Mattson Dustin and MacDonald both testified in favor of the program in front of the state legislature. Also involved in bringing the program to fruition was Ned Gordon, a retired judge and now a state representative from Bristol who sponsored the bill authorizing the program’s creation.
“As a judge in the Family Division, I frequently saw people unrepresented who unfortunately were not well-served by the system,” he said. “It seemed to me that we need to provide legal services to people who have a great need, particularly where there’s children involved, because it can have an enormous impact on their lives as well.”
The pilot program took effect January 1, 2023. It authorizes paraprofessionals to represent clients in court in certain housing, domestic violence, stalking, and family law cases in the Family and District Divisions for Manchester, Franklin, and Berlin.
The program is available to clients who earn up to 300% of the federal poverty level ($40,770 for a one-person household, $54,930 for a two-person household). Participating paraprofessionals must hold either a bachelor’s degree in any field or an associate’s degree in a law-related field, as well as at least two years of work experience in a law-related setting. They must also work under the supervision of an active attorney.
Erin Jasina, a paraprofessional with NHLA and the director of NHLA’s Domestic Violence Advocacy Project, handled the first case under the program – a final protective order hearing in a Family Division court – in January.
Jasina’s client reported feeling validated and grateful to have an advocate beside her during the hearing. Afterward, the judge invited Jasina to her chamber, and praised her performance.
“She said I did a wonderful job and that she thought this pilot project will help a lot of people in New Hampshire,” said Jasina. “It’s amazing to have judicial support for this project. And I have already had people at trainings with the NH Women’s Bar Association and the NH Paralegal Association asking how they can help out.
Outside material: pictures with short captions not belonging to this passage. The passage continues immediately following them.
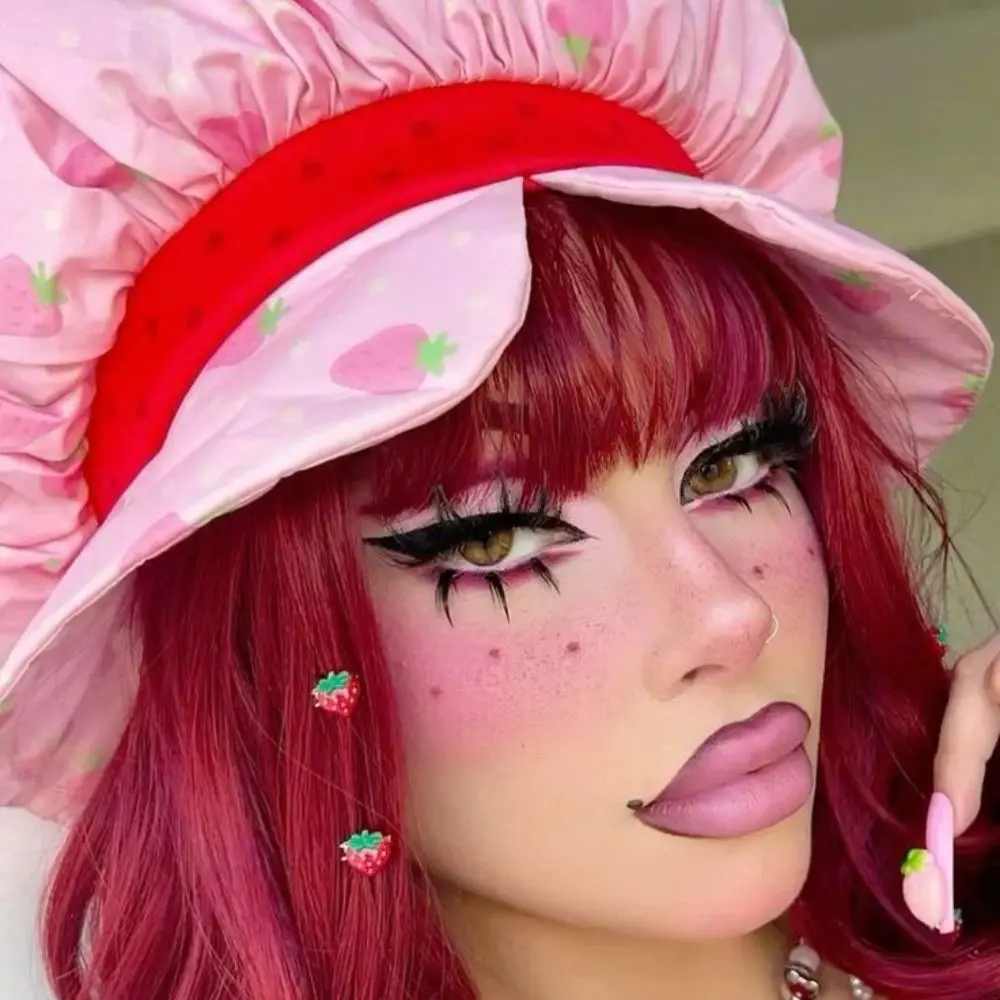 Strawberry Shortcake makeup with dewy skin, rosy pink cheeks, soft red eyeshadow, freckles, and soft berry lip tint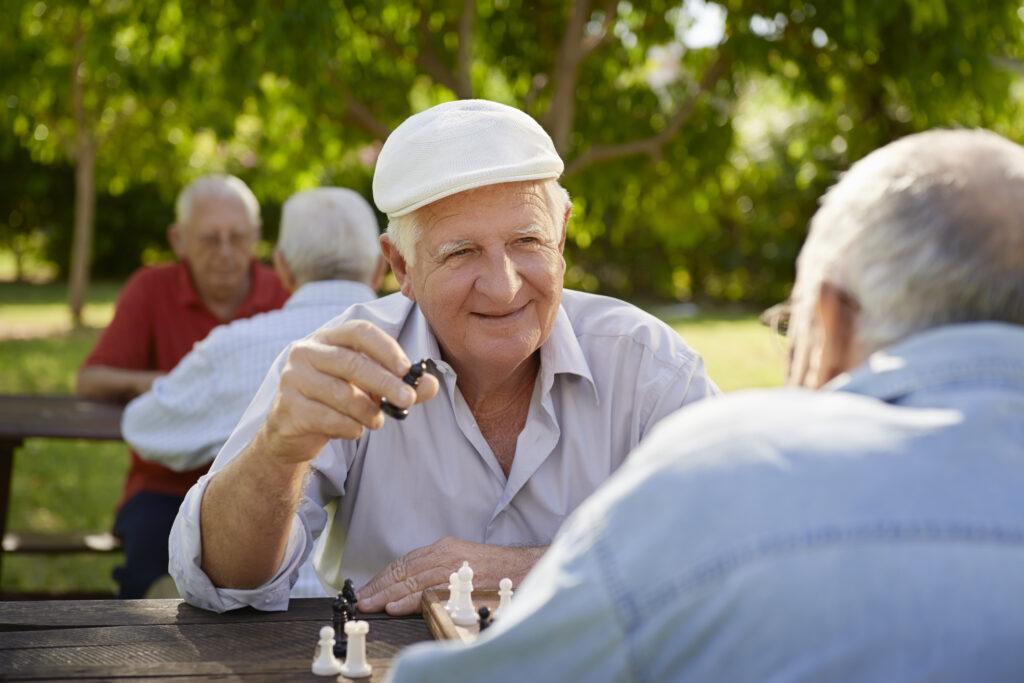 Senior men playing chess together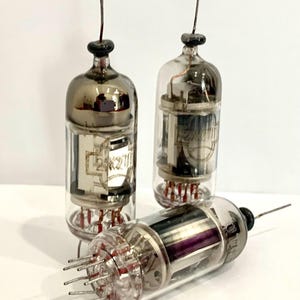 Op de afbeelding: Een verzameling vintage vacuümbuizen met heldere glazen lichamen, metalen toppen en meerdere pinnen. De buizen hebben interne componenten zichtbaar door het glas, waarbij sommige tekst weergeven. Eén buis ligt horizontaal, de andere staan rechtop.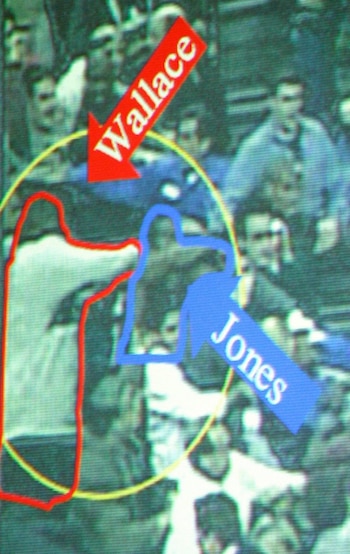Fotografía borrosa de una multitud con dos figuras resaltadas por contornos rojo y azul. Flechas rojas y azules los identifican como Wallace y Jones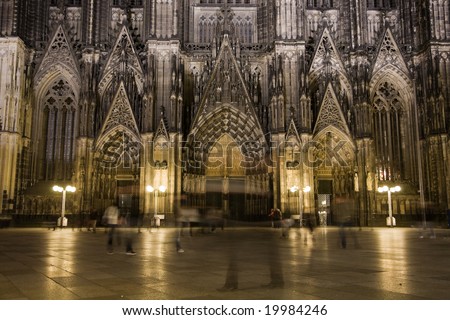 Night lighting of main portal of Dom in Cologne with walking people.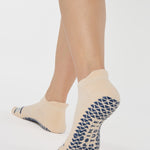Woman wearing a beige full foot grip sock with a blue namaste message. Made for pilates, barre, yoga, and beyond. 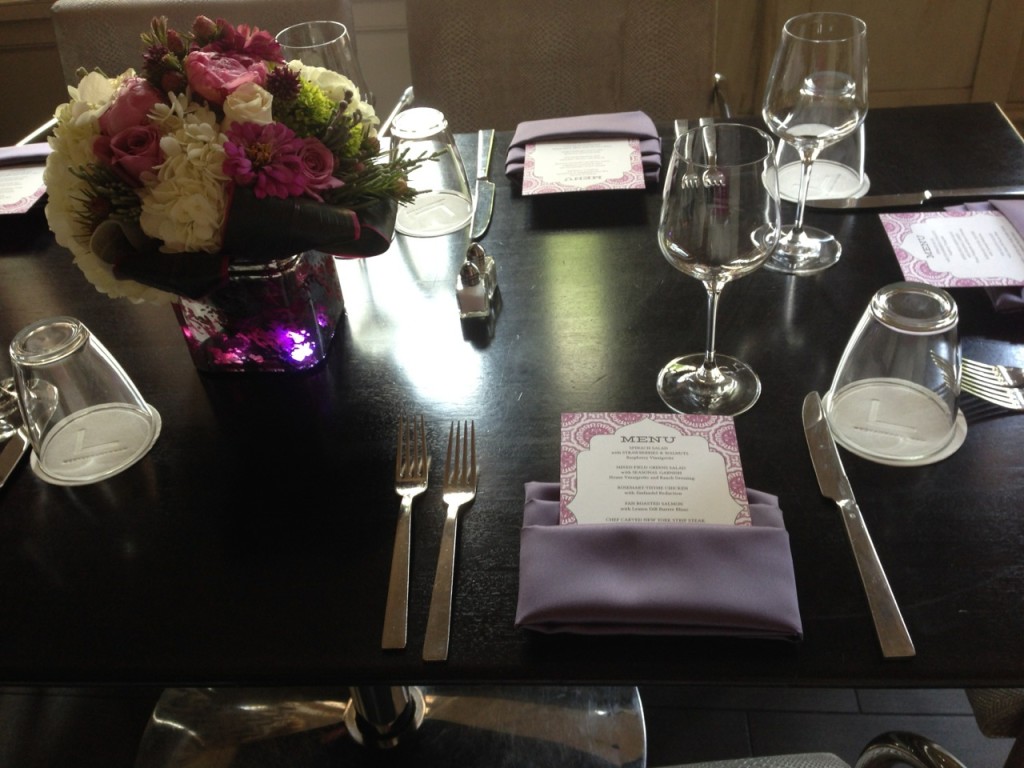 Purple place settings at wedding receptionat The Georgian Terrace Hotel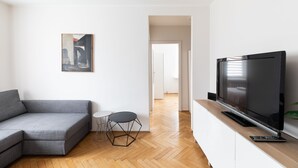 Een moderne woonkamer met een grijze bank, een klein rond tafeltje, een flatscreen televisie op een houten dressoir en een schilderij aan de muur.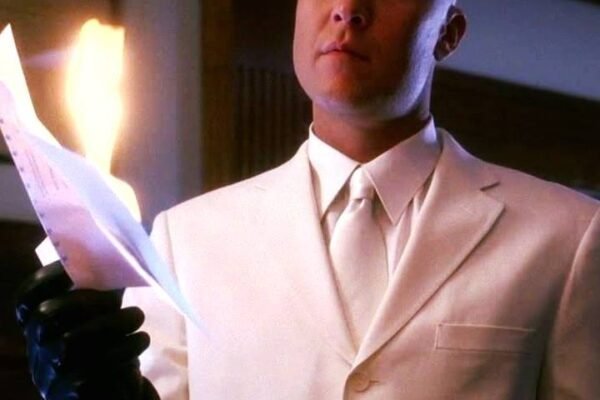 Lex Luthor in Smallville burning a document, showcasing his cold, calculating persona in the series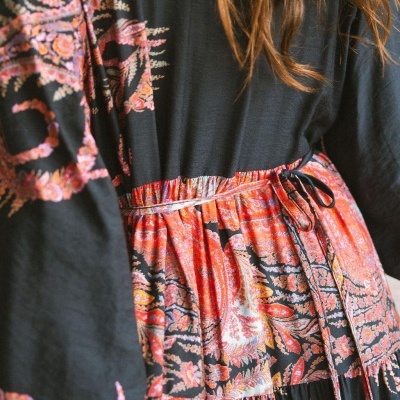 Vestido feminino preto com padrão floral vermelho e cinto fino na cintura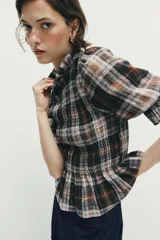 Blusa de cuello subido con diseño de cuadros en tonos marrones, negros y blancos. Presenta mangas cortas con terminación en volantes y un corte ajustado con detalle de volado en la cintura.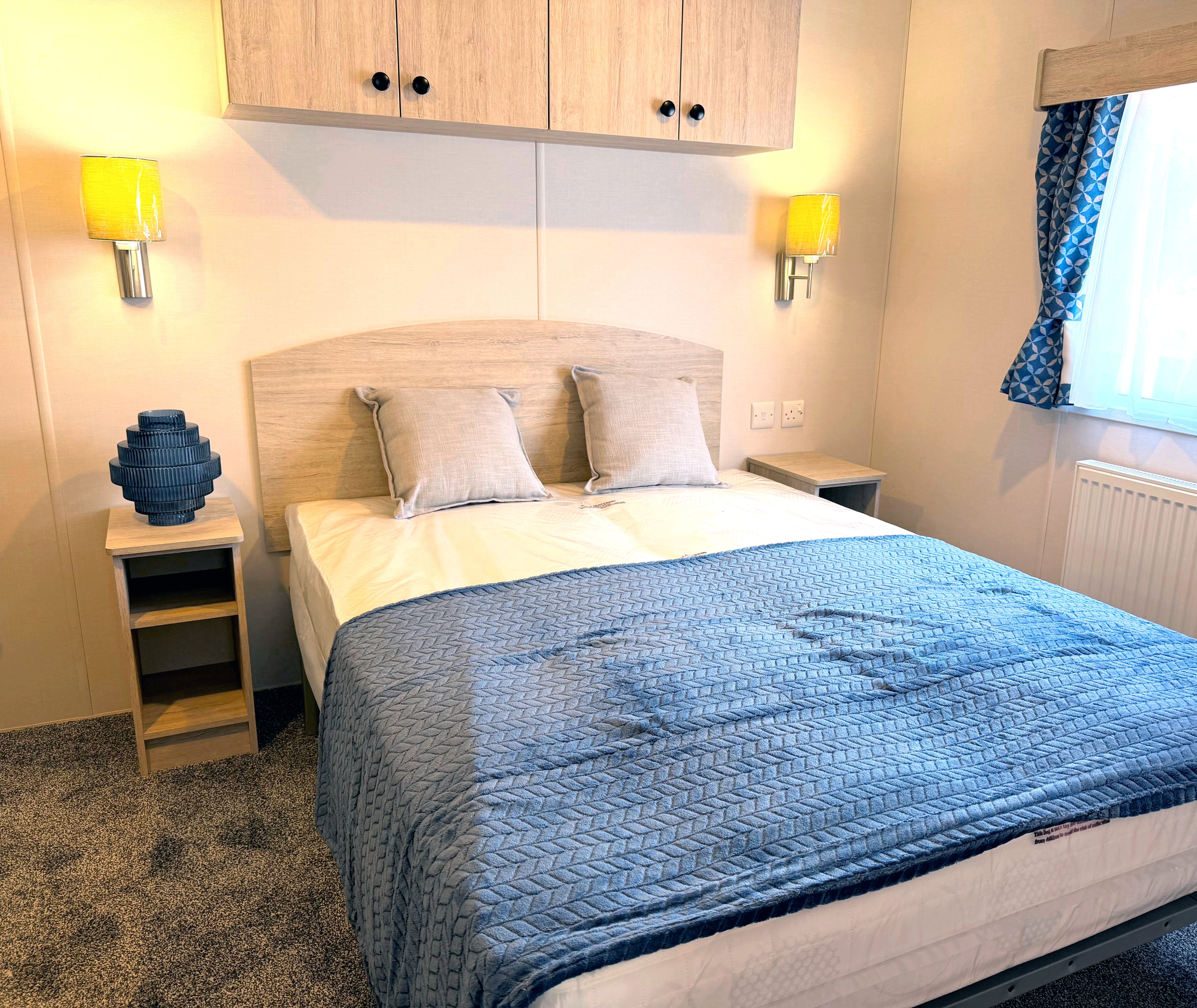 Master bedroom with double bed, blue quilted throw, wall lights and window with patterned curtains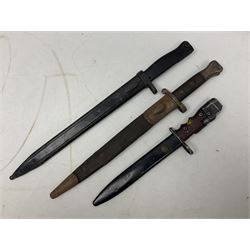 British No 7 MKI knife bayonet with 20cm single edged fullered clipped point blade;  blackened steel, large muzzle ring cross-guard; blackened swivelling pommel marked 'F5H'; red Tufnol composite grips; in blackened steel scabbard L33cm overall; British Pattern 1888 bayonet with scabbard; and German Ersatz bayonet with scabbard (3)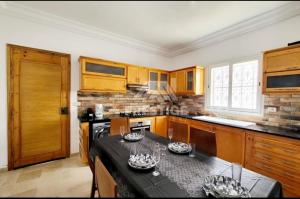 a kitchen with wooden cabinets and a black counter top at Villa oussoua in Taguermess
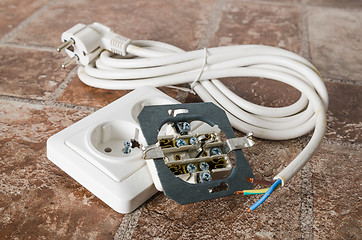 Image showing Electric socket and cable, close-up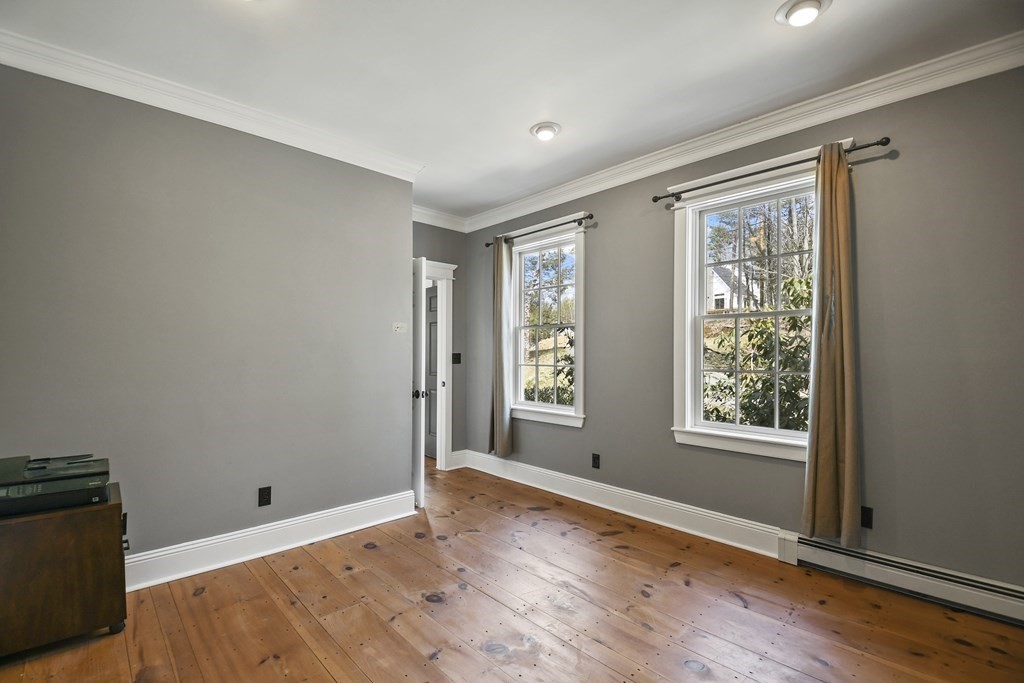 277 Secret Lake Road Athol, MA 01331 - Photo 6 of 36 a view of an empty room with wooden floor and a window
We want paraprofessionals to feel empowered to do this work, and it’s encouraging to have lawyers supporting us and wanting to see us succeed.”
The next steps of the pilot program hopefully include expanding services offered statewide.
“I give lots of credit to the staff of NHLA for initiating efforts in the program,” Gordon said.
“I am hoping as time passes, people see that it can be successful and more people will agree to participate.”